## RECORDS FOR THIS TASK
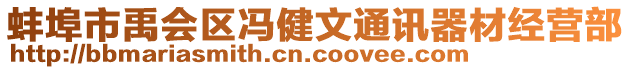 蚌埠市禹會(huì)區(qū)馮健文通訊器材經(jīng)營(yíng)部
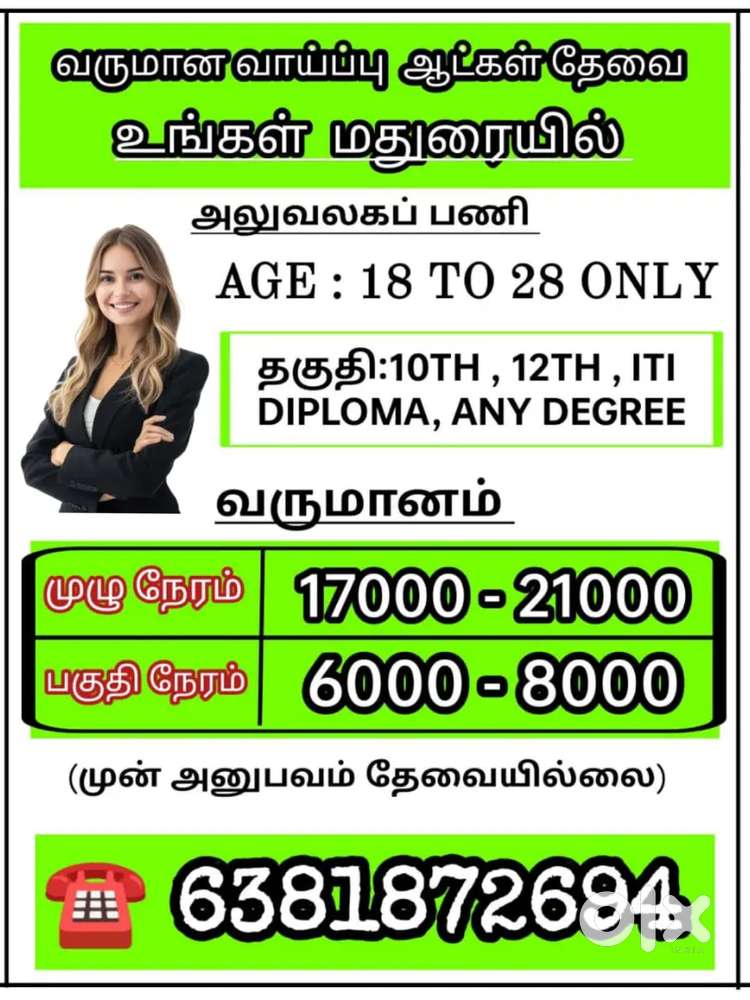 PERMANENT JOB VACANCY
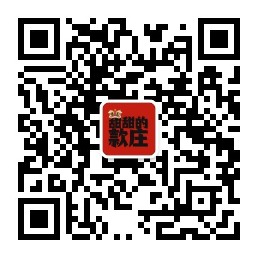 魅力款庄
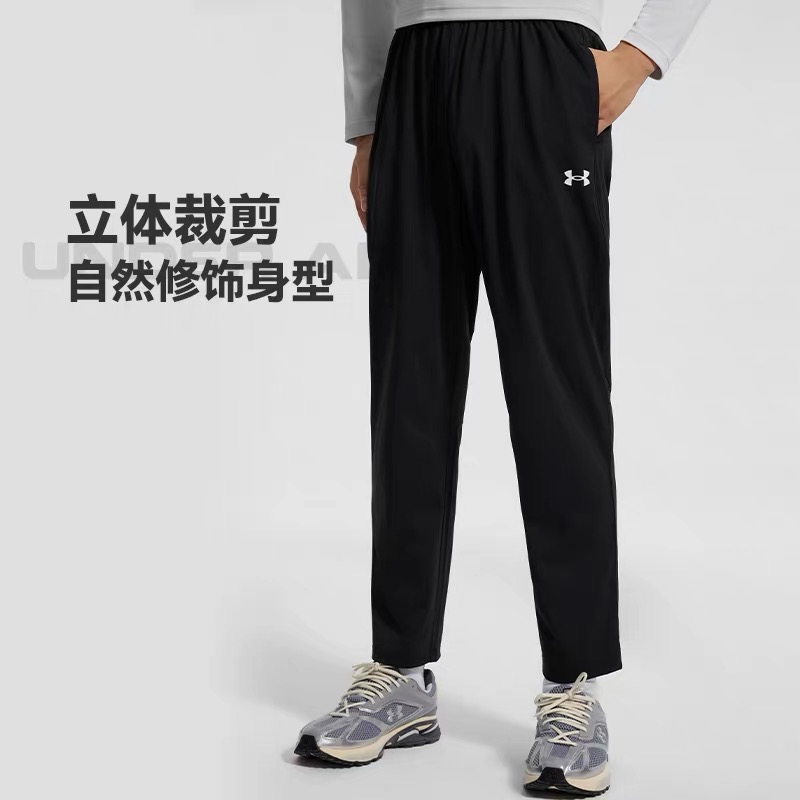 Under Armour安德玛秋冬季运动针织长裤男女可穿25600707-001多色
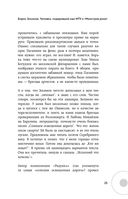 Борис Зосимов. Человек, подаривший нам MTV и 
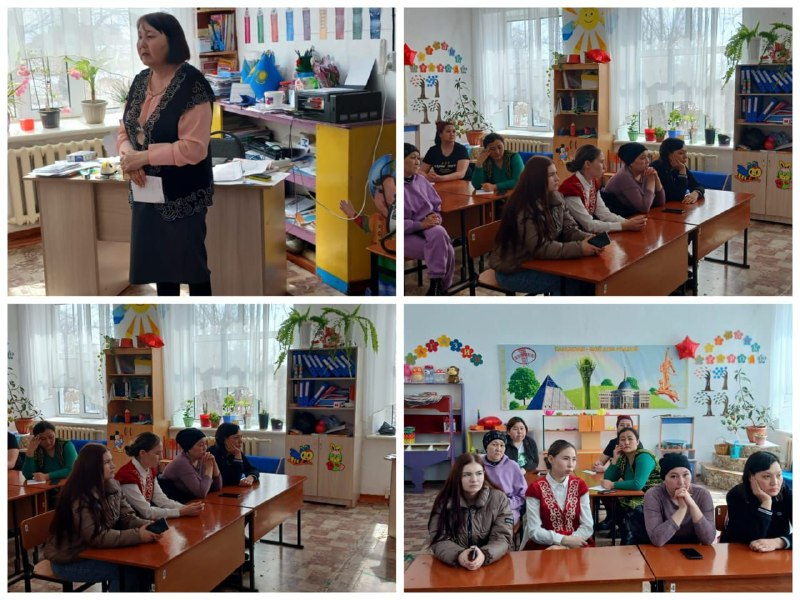 1 сыныпқа оқушыларды қабылдау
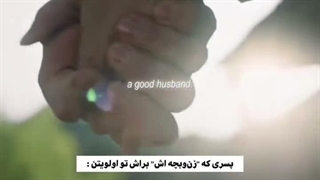وقتی زندگی بهت نارنگی میده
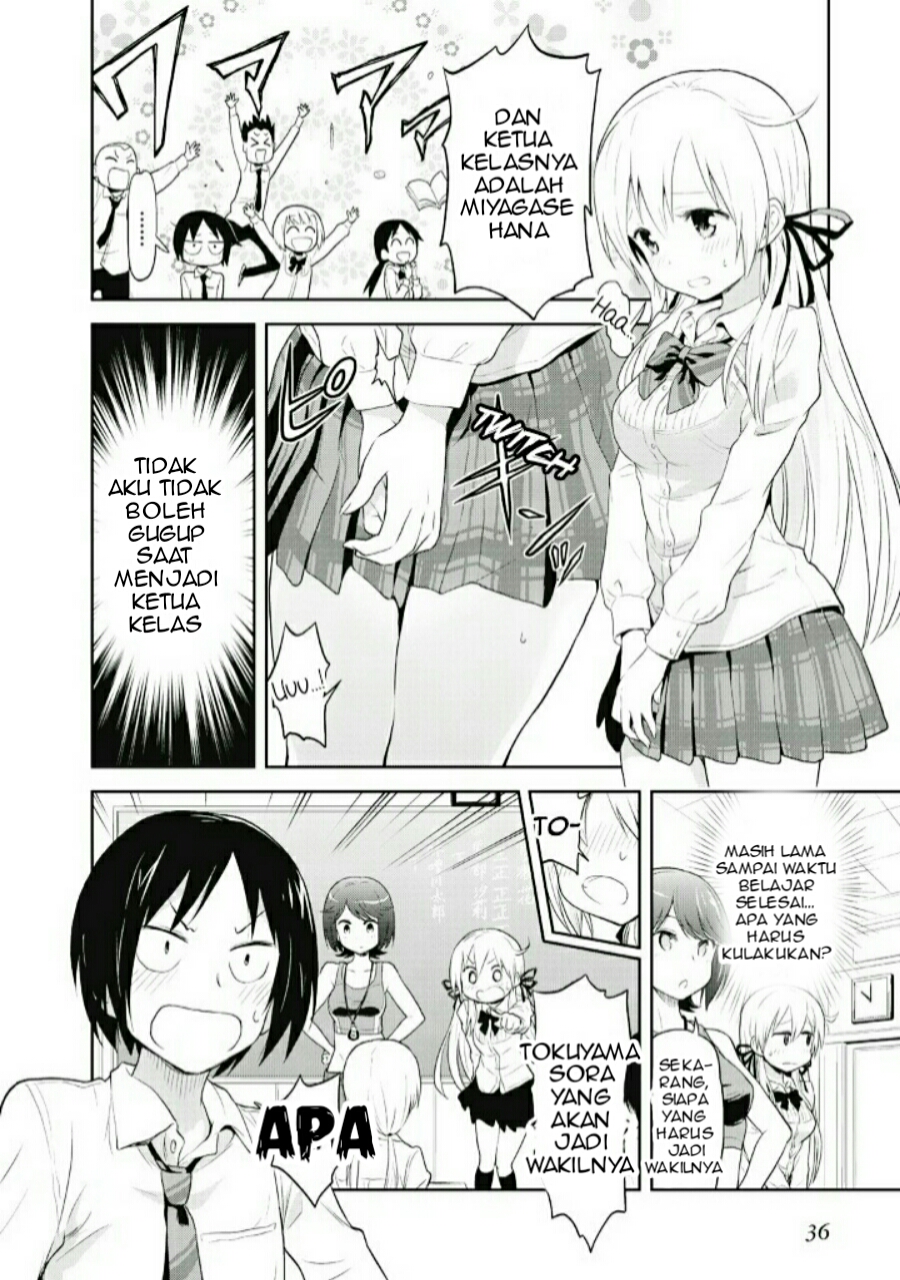 Girigiri Out Vol. 1 Ch. 2 第11页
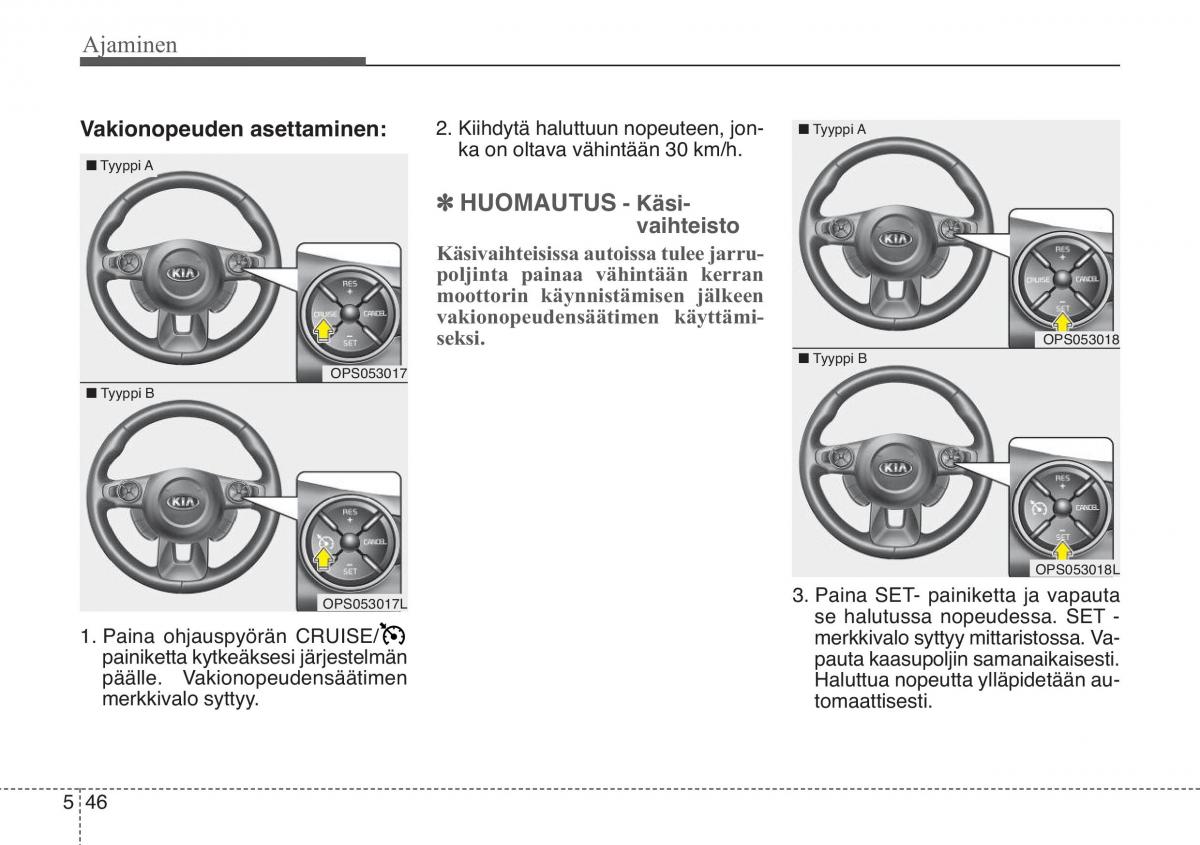 KIA Soul II 2 omistajan kasikirja / page 414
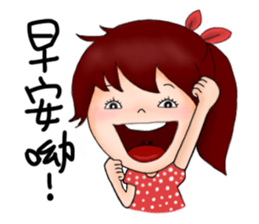 Miss idea 5 sticker #7997594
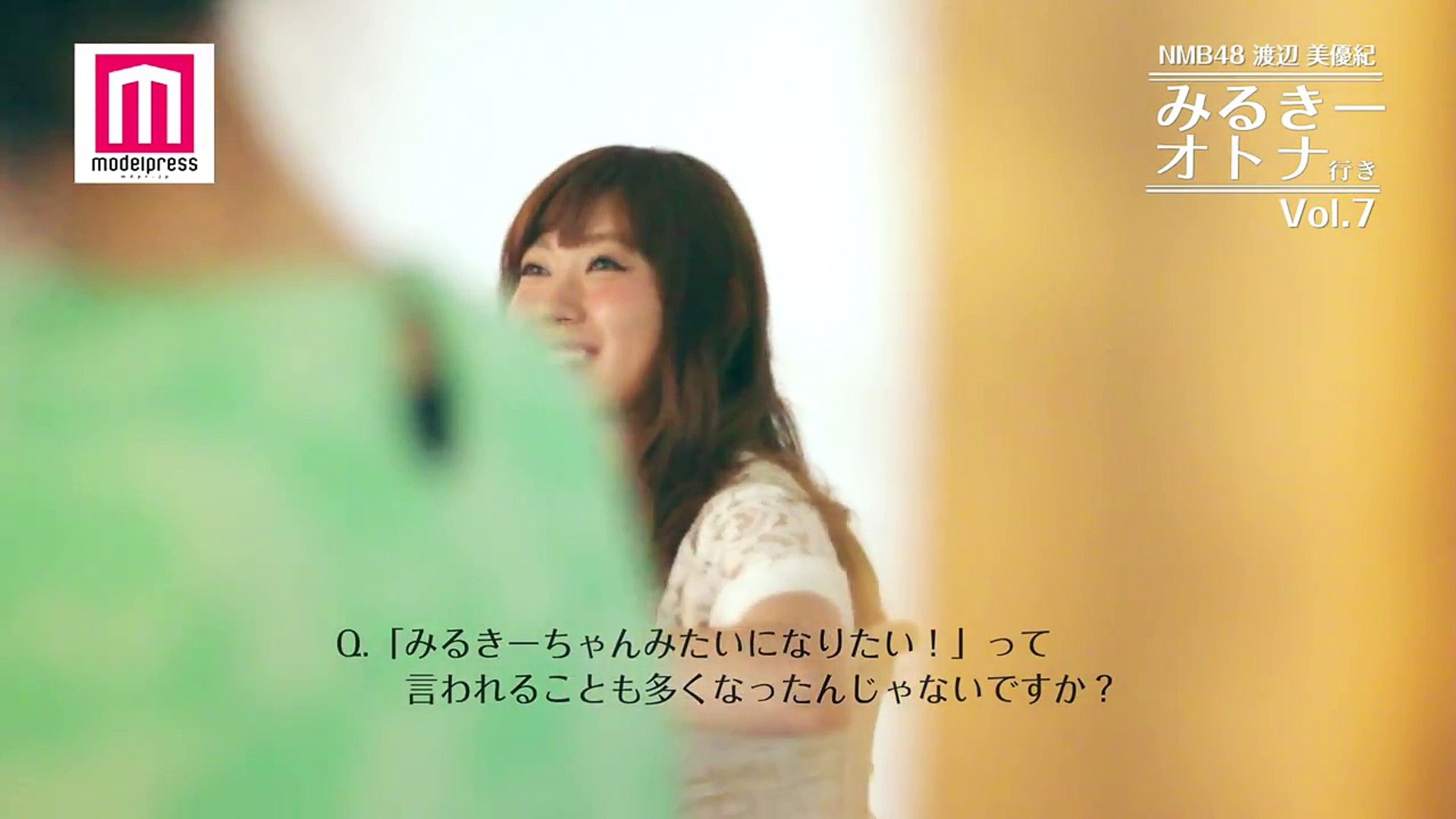 Nmb48渡辺美優紀 みるきーになりたい 女子へアドバイス みるきー オトナ行き Vol 7 Dailymotion Video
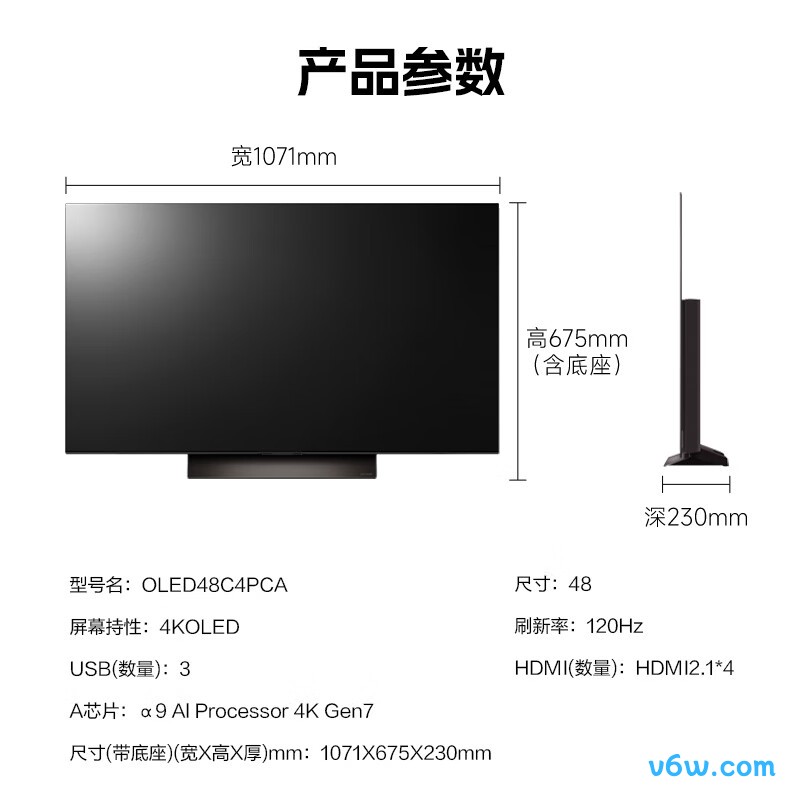 LG-OLED48C4PCA平板电视图片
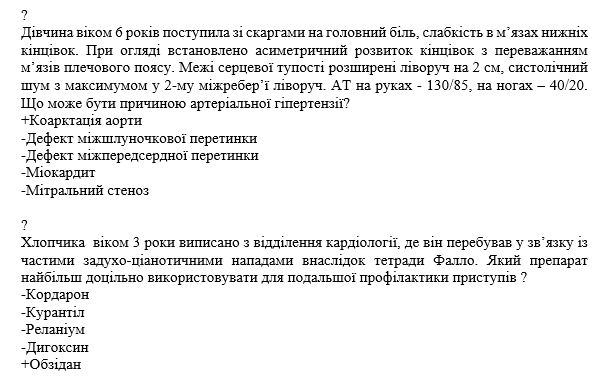 Book Page
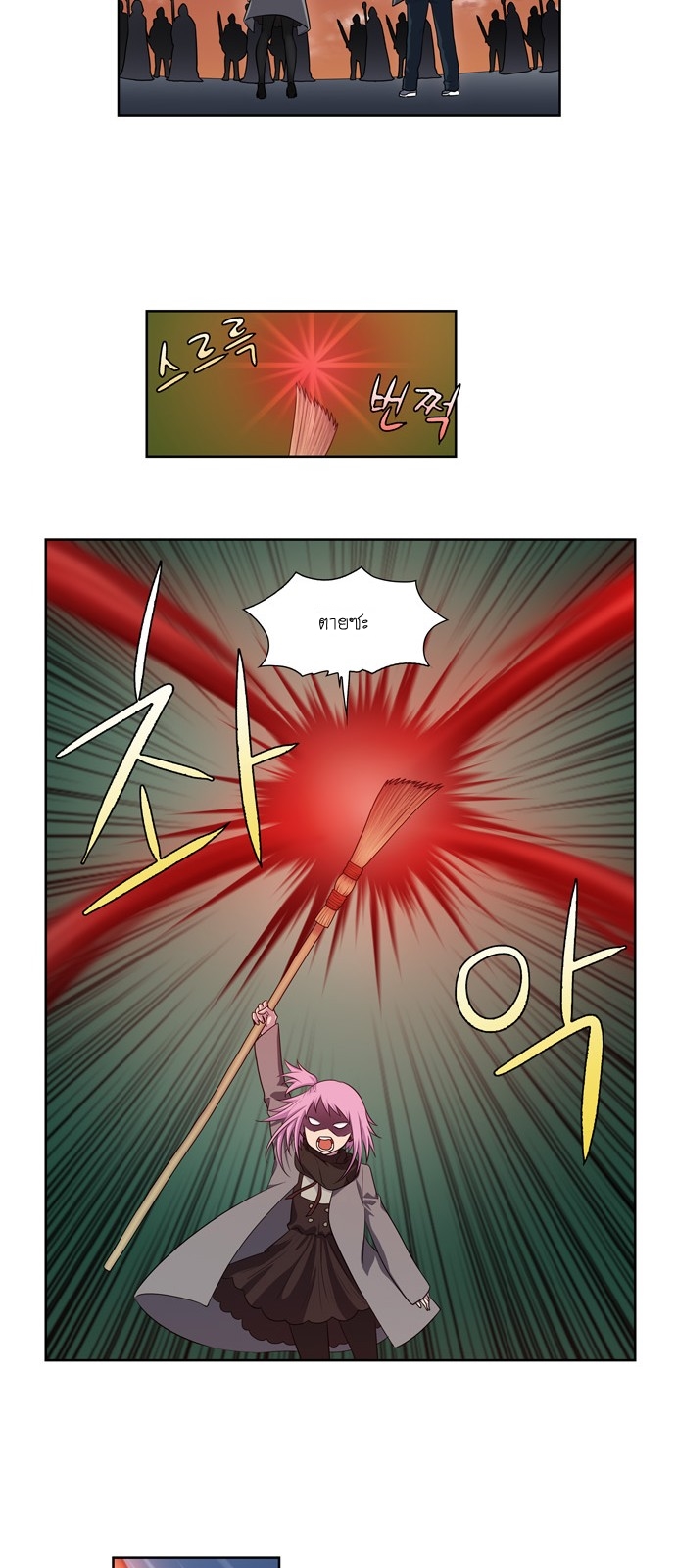 à¸­à¹ˆà¸²à¸™à¸¡à¸±à¸‡à¸‡à¸°à¸à¸²à¸£à¹Œà¸•à¸¹à¸™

## PROBLEM DETAILS
With the pictures set aside, please write out all of the records above exactly.

## RESULT OF THE EXERCISE
 蚌埠市禹會(huì)區(qū)馮健文通訊器材經(jīng)營(yíng)部
 PERMANENT JOB VACANCY
 魅力款庄
 Under Armour安德玛秋冬季运动针织长裤男女可穿25600707-001多色
 Борис Зосимов. Человек, подаривший нам MTV и 
 1 сыныпқа оқушыларды қабылдау
وقتی زندگی بهت نارنگی میده
 Girigiri Out Vol. 1 Ch. 2 第11页
 KIA Soul II 2 omistajan kasikirja / page 414
 Miss idea 5 sticker #7997594
 Nmb48渡辺美優紀 みるきーになりたい 女子へアドバイス みるきー オトナ行き Vol 7 Dailymotion Video
 LG-OLED48C4PCA平板电视图片
 Book Page
 à¸­à¹ˆà¸²à¸™à¸¡à¸±à¸‡à¸‡à¸°à¸à¸²à¸£à¹Œà¸•à¸¹à¸™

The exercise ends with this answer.